Ps I have I think phased the four founders would trying QUILT have advantages?

rwdavies commented 2 years ago

Hi Guy,

If there are 4 founders, then the max number of ancestral haplotypes could be is 8, so I would recommend increasing K to that. It looks like you have enough coverage and samples to support it.

Setting gridWindowSize to the default value (I think NA) would make things a bit more accurate but slower.

Related, the recombination rate for Drosophila looks to be a bit higher than humans / mice (what default parameters are set for) (based on a 30 second internet search, e.g. https://petrov.stanford.edu/cgi-bin/recombination-rates_updateR5.pl ).

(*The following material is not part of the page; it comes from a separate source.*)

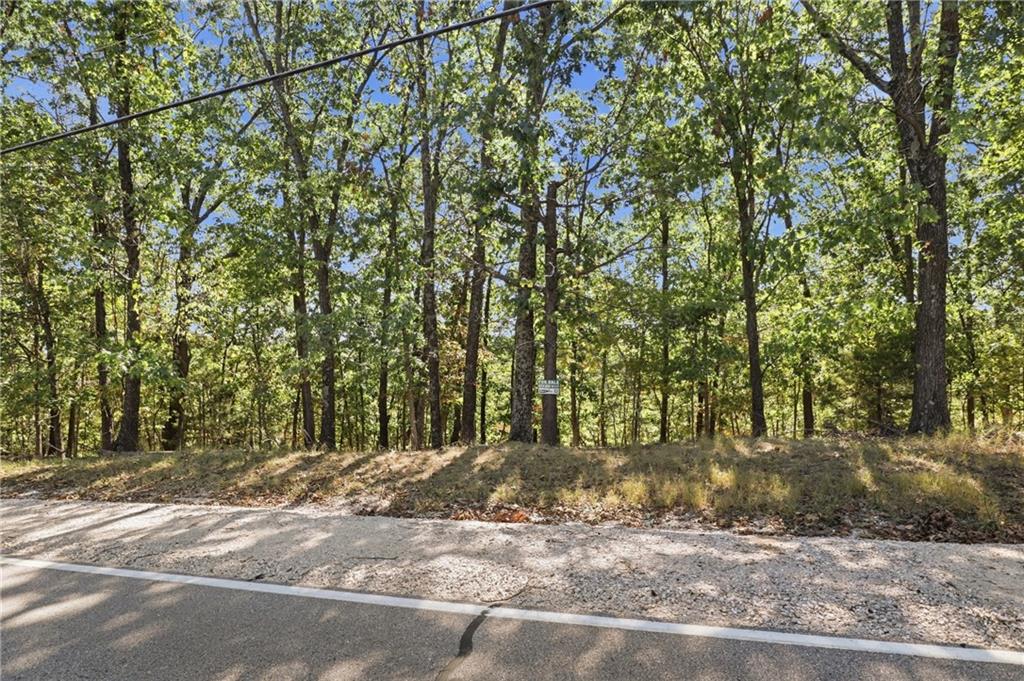 Lot 156 Carol Road Property Photo 13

This might have a small difference, but I'd recommend changing expRate to 4.0. Also, you might want to decrease shuffle_bin_radius to something like 500 (this is a smoothing parameter that helps find and repair ancestral haplotypes. Again the default value is set for humans and mice. Here with a higher Ne and higher recombination rate, for this heuristic, you'll want more smoothing as the recombinations take place faster).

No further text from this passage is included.